UC San Diego
Activating mutations of Lys171 in the kinase domain of IKKbeta unleash a novel mechanism of oncogenic signaling
- Author(s): Gallo, Leandro
- Advisor(s): Donoghue, Daniel J
- et al.
Inhibitor of kappaB kinase beta (IKKbeta) is the master regulatory kinase that modulates canonical nuclear factor kappaB (NFkappaB) inflammatory activation. Under inflammatory conditions, IKKbeta is phosphorylated at Ser177/Ser181 sites in the kinase domain, which activates the kinase function of the protein. IKKbeta, in turn, phosphorylates its downstream substrate IkappaBalpha, which is subsequently degraded. This event releases NFkappaB, which is normally sequestered in the cytoplasm, to translocate into the nucleus to activate transcription of inflammation-related genes.
In the first chapter of this dissertation, mutations of Lys171 located in the kinase domain of IKKbeta are shown to lead to increase the phosphorylation of Ser177/Ser181 sites and result in the upregulation of the kinase activity of IKKbeta. These mutations had been initially identified in tumor samples of Multiple Myeloma, Spleen Marginal Zone Lymphoma and Mantle Cell Lymphoma. Via site-directed mutagenesis, we constructed the K171E mutation in IKKbeta. This study further demonstrated that IKKbeta is conjugated to Lys63-linked ubiquitin chains, in which the activating K171E mutation upregulated this modification at Lys147. The main discovery of this project is that the K171E mutation in IKKbeta induces the activation of STAT3 in the absence of exogenous Interleukin-6 in HEK293T cells. Via LC-MS/MS, we identified various lysine ubiquitination sites in full length activated IKKbeta, in which some of these negatively regulate the phosphorylation of Ser177/Ser181. Ubiquitination of Lys147 in activated IKKbeta, located in proximity to the activation loop in the kinase domain, is critical to induce STAT3 activation.

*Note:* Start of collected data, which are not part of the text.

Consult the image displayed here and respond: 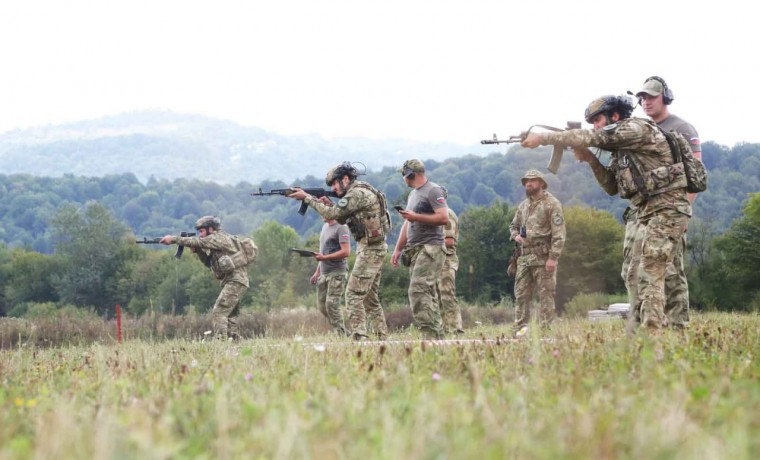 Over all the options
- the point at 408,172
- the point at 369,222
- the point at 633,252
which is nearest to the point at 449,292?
the point at 369,222

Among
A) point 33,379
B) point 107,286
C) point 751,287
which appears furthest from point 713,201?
point 33,379

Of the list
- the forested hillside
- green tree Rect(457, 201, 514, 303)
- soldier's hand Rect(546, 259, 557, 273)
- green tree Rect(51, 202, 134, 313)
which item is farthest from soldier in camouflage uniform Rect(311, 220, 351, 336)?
the forested hillside

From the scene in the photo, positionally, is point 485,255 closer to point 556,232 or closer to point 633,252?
point 556,232

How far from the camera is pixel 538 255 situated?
45.3 ft

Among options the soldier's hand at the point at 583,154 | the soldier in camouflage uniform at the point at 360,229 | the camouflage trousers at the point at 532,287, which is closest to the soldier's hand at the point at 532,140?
the soldier's hand at the point at 583,154

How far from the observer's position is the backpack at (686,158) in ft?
29.3

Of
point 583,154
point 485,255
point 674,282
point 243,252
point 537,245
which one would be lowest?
point 485,255

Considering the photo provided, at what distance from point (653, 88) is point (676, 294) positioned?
7.12 ft

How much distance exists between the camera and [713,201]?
122m

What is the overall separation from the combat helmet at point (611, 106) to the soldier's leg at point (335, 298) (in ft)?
21.2

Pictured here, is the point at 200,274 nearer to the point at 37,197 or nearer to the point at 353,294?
the point at 353,294

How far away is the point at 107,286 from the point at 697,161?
7750cm

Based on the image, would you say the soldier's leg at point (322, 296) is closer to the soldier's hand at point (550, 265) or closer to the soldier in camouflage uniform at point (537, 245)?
the soldier in camouflage uniform at point (537, 245)

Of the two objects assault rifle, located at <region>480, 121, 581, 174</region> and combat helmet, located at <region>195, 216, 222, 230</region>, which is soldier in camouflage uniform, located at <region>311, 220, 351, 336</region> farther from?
assault rifle, located at <region>480, 121, 581, 174</region> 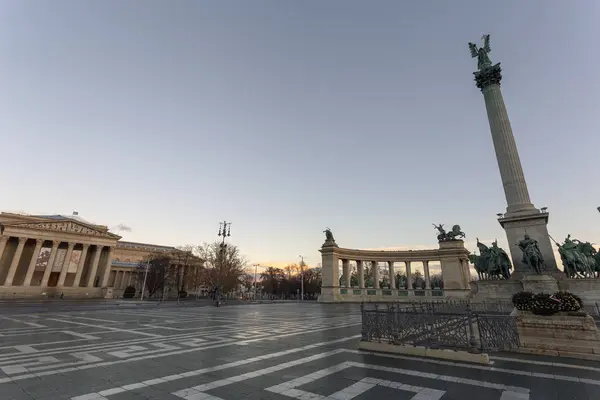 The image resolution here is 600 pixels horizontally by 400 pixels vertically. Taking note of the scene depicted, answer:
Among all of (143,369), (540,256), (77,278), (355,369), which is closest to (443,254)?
(540,256)

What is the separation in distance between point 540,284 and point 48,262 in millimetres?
83001

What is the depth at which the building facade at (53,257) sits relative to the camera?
57.8 m

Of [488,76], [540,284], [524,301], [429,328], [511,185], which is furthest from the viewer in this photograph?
[488,76]

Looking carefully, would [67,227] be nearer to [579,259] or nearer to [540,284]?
[540,284]

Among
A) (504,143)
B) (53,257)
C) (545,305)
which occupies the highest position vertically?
(504,143)

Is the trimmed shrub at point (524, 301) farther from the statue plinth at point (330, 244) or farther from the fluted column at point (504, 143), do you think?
the statue plinth at point (330, 244)

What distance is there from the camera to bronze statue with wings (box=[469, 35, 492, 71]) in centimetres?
3277

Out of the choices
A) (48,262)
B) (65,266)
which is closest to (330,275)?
(65,266)

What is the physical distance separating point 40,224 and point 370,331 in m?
75.9

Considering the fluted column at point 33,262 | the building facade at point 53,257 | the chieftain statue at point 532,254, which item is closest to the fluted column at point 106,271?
the building facade at point 53,257

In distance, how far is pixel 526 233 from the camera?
83.1 feet

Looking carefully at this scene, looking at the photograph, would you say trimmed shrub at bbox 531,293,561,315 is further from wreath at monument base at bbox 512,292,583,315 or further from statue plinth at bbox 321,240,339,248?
statue plinth at bbox 321,240,339,248

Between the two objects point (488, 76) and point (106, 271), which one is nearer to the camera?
point (488, 76)

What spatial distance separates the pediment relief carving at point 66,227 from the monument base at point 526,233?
257 feet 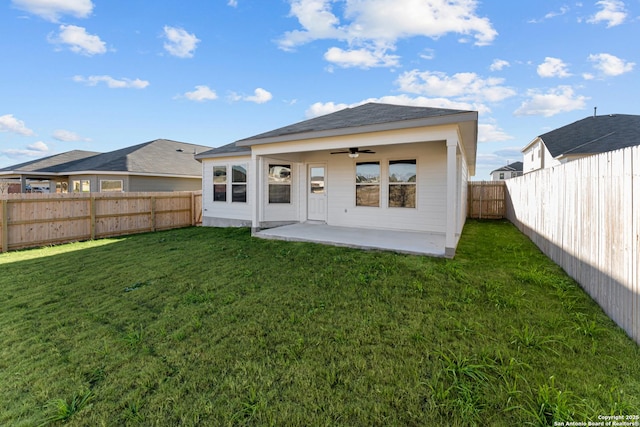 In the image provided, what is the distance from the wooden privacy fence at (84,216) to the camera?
849 centimetres

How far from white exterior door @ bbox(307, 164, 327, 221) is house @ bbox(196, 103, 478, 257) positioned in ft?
0.12

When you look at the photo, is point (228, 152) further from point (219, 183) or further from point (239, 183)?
point (219, 183)

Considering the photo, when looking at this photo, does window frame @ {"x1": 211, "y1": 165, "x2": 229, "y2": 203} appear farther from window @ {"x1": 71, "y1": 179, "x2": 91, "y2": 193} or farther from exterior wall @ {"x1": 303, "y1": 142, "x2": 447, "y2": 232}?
window @ {"x1": 71, "y1": 179, "x2": 91, "y2": 193}

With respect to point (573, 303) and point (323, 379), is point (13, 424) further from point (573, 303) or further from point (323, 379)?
point (573, 303)

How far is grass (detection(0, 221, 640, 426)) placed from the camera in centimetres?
211

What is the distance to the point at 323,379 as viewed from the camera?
96.0 inches

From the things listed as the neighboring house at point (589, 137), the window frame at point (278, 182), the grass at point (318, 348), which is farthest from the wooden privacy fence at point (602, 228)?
the neighboring house at point (589, 137)

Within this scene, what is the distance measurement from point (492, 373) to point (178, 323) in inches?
137

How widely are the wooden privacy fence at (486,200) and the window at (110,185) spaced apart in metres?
18.5

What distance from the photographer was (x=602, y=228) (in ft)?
11.7

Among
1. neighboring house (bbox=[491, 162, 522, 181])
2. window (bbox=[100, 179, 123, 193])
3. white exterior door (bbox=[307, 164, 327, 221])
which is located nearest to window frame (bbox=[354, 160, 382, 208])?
white exterior door (bbox=[307, 164, 327, 221])

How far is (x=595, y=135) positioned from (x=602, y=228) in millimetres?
17636

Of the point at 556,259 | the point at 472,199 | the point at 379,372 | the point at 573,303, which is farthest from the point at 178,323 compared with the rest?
the point at 472,199

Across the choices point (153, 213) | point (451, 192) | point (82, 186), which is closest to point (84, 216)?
point (153, 213) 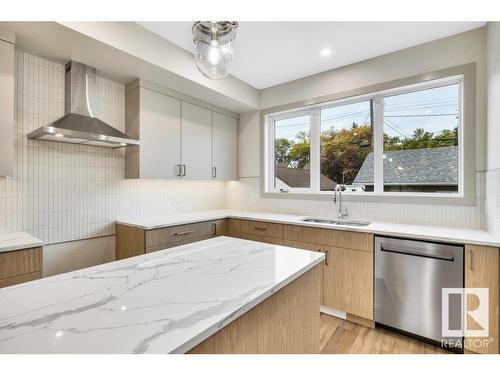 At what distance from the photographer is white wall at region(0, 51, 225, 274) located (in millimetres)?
1989

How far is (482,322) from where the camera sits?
1.71 m

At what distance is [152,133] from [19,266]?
153 cm

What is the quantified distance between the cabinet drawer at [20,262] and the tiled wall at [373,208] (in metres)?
2.43

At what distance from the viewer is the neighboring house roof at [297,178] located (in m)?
3.07

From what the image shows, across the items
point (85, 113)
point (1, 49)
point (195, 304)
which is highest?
point (1, 49)

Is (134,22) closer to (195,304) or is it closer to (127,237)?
(127,237)

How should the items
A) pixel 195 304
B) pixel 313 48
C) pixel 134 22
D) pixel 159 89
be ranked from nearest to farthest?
1. pixel 195 304
2. pixel 134 22
3. pixel 313 48
4. pixel 159 89

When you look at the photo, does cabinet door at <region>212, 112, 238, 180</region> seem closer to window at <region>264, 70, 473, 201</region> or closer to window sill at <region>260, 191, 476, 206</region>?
window at <region>264, 70, 473, 201</region>

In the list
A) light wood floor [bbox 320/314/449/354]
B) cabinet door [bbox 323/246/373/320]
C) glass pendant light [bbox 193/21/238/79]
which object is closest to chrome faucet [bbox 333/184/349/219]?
cabinet door [bbox 323/246/373/320]

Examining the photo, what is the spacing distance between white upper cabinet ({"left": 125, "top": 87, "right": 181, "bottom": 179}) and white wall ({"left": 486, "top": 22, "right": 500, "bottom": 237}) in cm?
279

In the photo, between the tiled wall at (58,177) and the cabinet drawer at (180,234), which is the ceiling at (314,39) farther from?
the cabinet drawer at (180,234)

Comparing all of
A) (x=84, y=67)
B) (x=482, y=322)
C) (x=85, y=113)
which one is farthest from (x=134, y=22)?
(x=482, y=322)

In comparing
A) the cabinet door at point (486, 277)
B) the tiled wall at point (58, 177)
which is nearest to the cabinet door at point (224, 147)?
the tiled wall at point (58, 177)

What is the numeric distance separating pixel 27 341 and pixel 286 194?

The second chapter of this dissertation demonstrates that IKKbeta K171E relies on JAK, gp130, and TAK1 to signal to STAT3. In addition, we utilized a method termed Bio-ID proximity dependent biotinylation to identify proteins interacting with activated IKKBeta, in which UBC13 and LRPPRC were identified as interacting partners. Via siRNA, we showed that UBC13 and LRPPRC possibly negatively regulated STAT3 activation induced by IKKbeta K171E. Interestingly, IKKbeta K171E depends upon UBE2V2 cofactor of UBC13, previously demonstrated to be involved in modulation of DNA damage repair activation, to activate STAT3. Lastly, the oncogenic potential of K171E mutation is demonstrated by the transformation of murine myeloid 32D cells into Interleukin-3-independent phenotype. In conjunction, these results illustrate a novel mechanism by which the loss of Lys171 in IKKbeta induces the activation of STAT3 in the absence of cytokines and growth factors.
The third chapter of this dissertation entails a review article describing that the misregulated expression of members of the ubiquitination cascade contributes to cancer progression and metastasis. Ubiquitination largely serves as a degradation mechanism of proteins. Ubiquitin signaling is further involved in additional cellular processes such as the activation of NFκB inflammatory response and DNA damage repair. In this review, we highlight the E2 ubiquitin conjugating enzymes, E3 ubiquitin ligases and Deubiquitinases that support the proliferation, migration, stemness and metastasis of a plethora of cancers, including their contribution to poor clinical prognosis and modulation of pluripotent cancer stem cells attributed to metastasis. We further describe mutations in E3 ubiquitin ligases that support the proliferation and adaptation to hypoxia of some cancers. Thus, this review illustrates how tumors exploit the members of the vast ubiquitin signaling pathways to support oncogenic signaling for the purposes of survival and metastasis.
The fourth chapter of this dissertation entails a review article related to mutations in Fibroblast Growth Factor Receptors (FGFRs) in cancer and developmental disorders. This comprehensive review describes approximately 200 different mutations in FGFRs in diverse cancers, in which some of these mutations have been found to contribute to developmental syndromes. In addition, this review shows the occurrence of chromosomal translocations that result in fusion proteins involving FGFR’s in cancers, and it illustrates the aberrant signaling mechanisms activated by these oncogenes.